Authors: R Melis, D Stauffer, X Zhao, X L Zhu, B Albrecht, O Pongs, A Brothman, M Leppert
Journal, date & volume: Genomics, 1995 Jan 1 , 25, 285-7
PubMed link: http://www.ncbi.nlm.nih.gov/pubmed/7774931
Abstract
A human delayed rectifier K+ channel gene has been localized to the long arm of human chromosome 20q13.2 by fluorescence in situ hybridization of genomic P1 clones from this locus. A polymorphic (GA) microsatellite repeat was identified in one of the P1 clones. The new SSR marker (D20S436) was genotyped in four CEPH pedigrees.
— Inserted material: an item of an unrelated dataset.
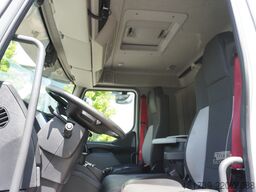 Renault D280 16T / Box truck 18 EPAL / Tail lift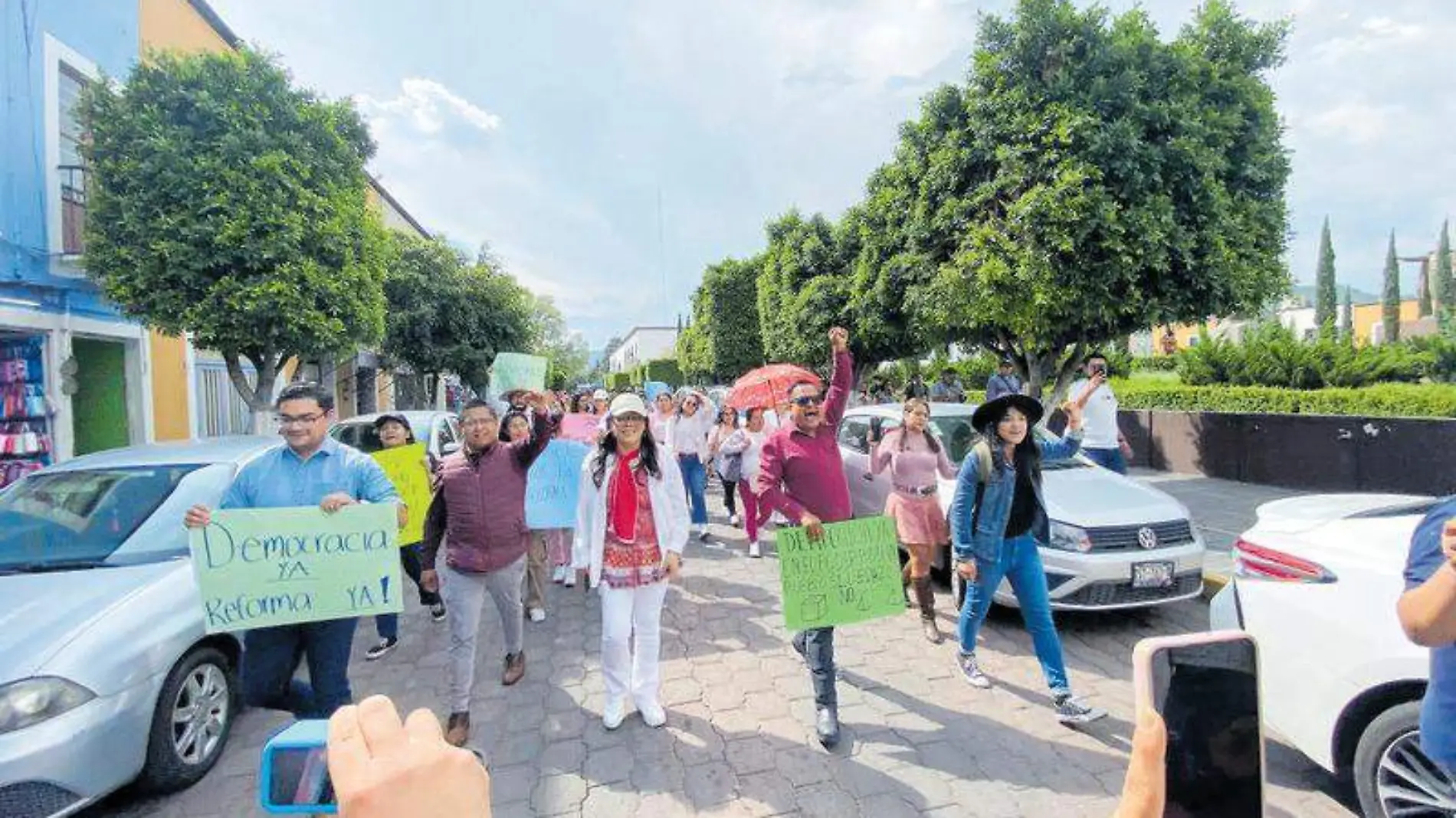 Un grupo de jóvenes marchó por las principales calles de la Capital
Two-point linkage analysis indicated linkage of this marker to a PCR marker, D20S109, with a maximum lod score of 9.32 at theta = 0.001. The assignment of this K+ channel gene to 20q13.2 eliminates it as a candidate for the gene associated with benign familial neonatal convulsions (BFNC), which has been localized to 20q13.3. Genetically, the K+ channel gene maps more than 30 cM proximal to the BFNC locus.